The greatest casualty of the 2013 General Assembly session very well might be a bill to address liability when dogs bite, and Del. Benjamin F. Kramer said he’s working on bringing legislators back to Annapolis for a one-day special session to settle the issue.
“I think this is the one major issue that did not get resolved,” said Kramer (D-Dist. 19) of Derwood. “I’m making the case for a one-day special session.”
Kramer is drafting a letter to Gov. Martin O’Malley to request a special session to address one specific issue created by the April 2012 Maryland Court of Appeals decision in Tracey v. Solesky, which Kramer calls “ill-conceived.”
In that case, the court ruled that after a pit bull attacked a Baltimore County 10-year-old, the landlord on whose property the dog lived should be held liable, because pit bulls are “inherently dangerous.” During a special session last summer and all through this year’s regular session, legislators tried, but failed, to reach an agreement about who is liable and when after dog attacks.
“I don’t think we can leave this hanging out there indefinitely,” Kramer said.
Raquel Guillory, spokeswoman for O’Malley, said that the governor would consider Kramer’s request for a special session once he received it.
Animal advocates said this has set off a reaction from landlords, who are demanding their tenants either give up their pet pit bulls or move. Shelters are seeing an influx of pit bulls, Kramer said.
“[Landlords] are telling their tenants, ‘Either your family goes, or you go,’” Kramer said. “We’re seeing the shelters overrun with loving family pets, and they’re being euthanized.”

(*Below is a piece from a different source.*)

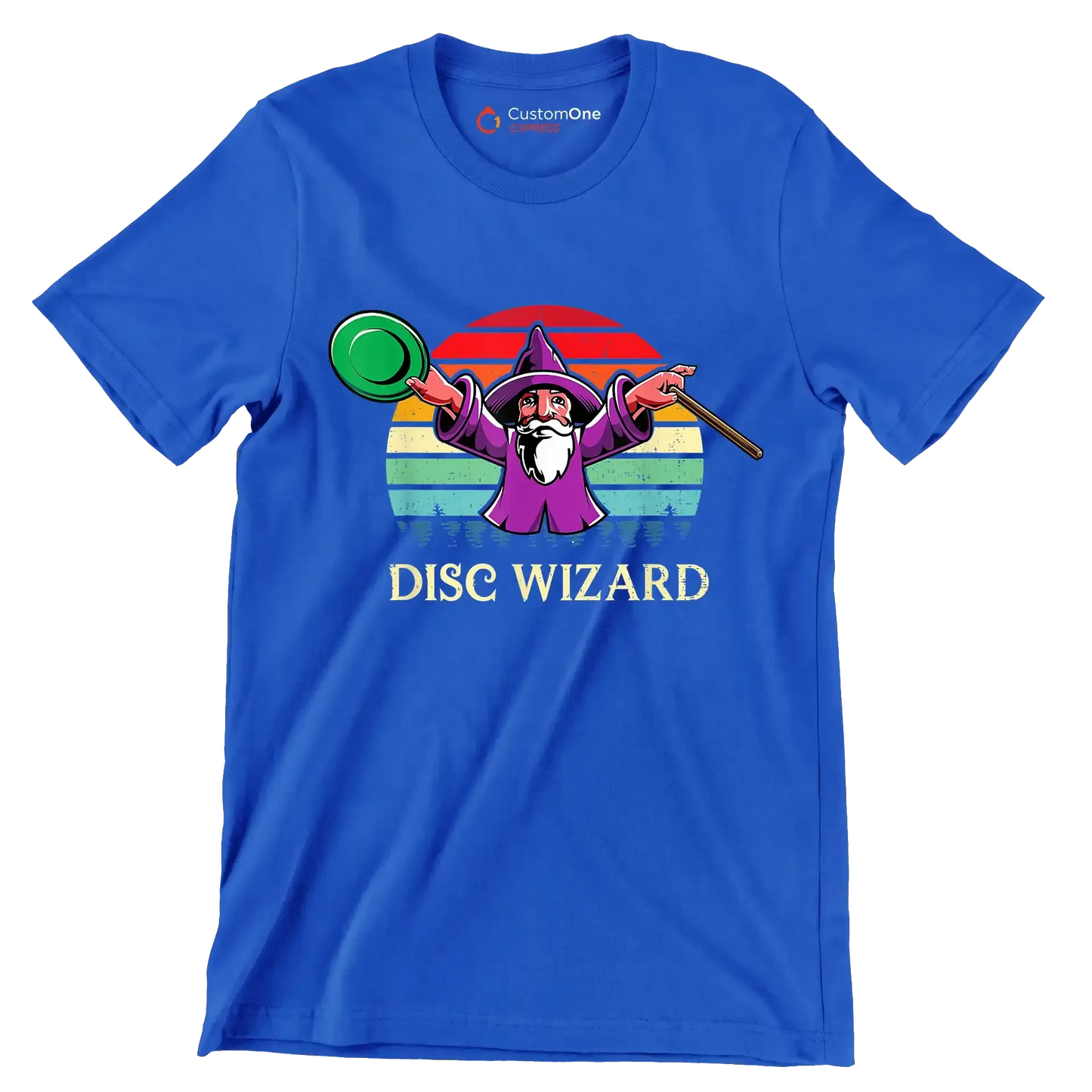 DISC WIZARD - Golf Themed T-Shirt-Blue-S-Custom One Express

To stem the tide of pit bulls being brought to shelters, Kramer is suggesting that the General Assembly convene for one day to pass a bill that would return landlords to their pre-decision standard for liability. Lawmakers have all agreed that a landlord should not be held strictly liable in cases where a pit bull attacks, but could not come to a consensus about whether dog owners should be held strictly liable or not.
But for leadership tired after two special sessions in the summer of 2012, a special session is unlikely.
“A special session is going to be a challenge,” Kramer said. “But I think we could be in and out of Annapolis in a matter of hours.”
Even animal advocates concede that a special session for pit bulls is a tough sell.
“We think a special session seems unrealistic at this point,” said Raúl Arce-Contreras, a spokesman for The Humane Society of the United States. “We are, of course, still looking at all the options and working with Maryland animal advocates and legislators on a path forward.”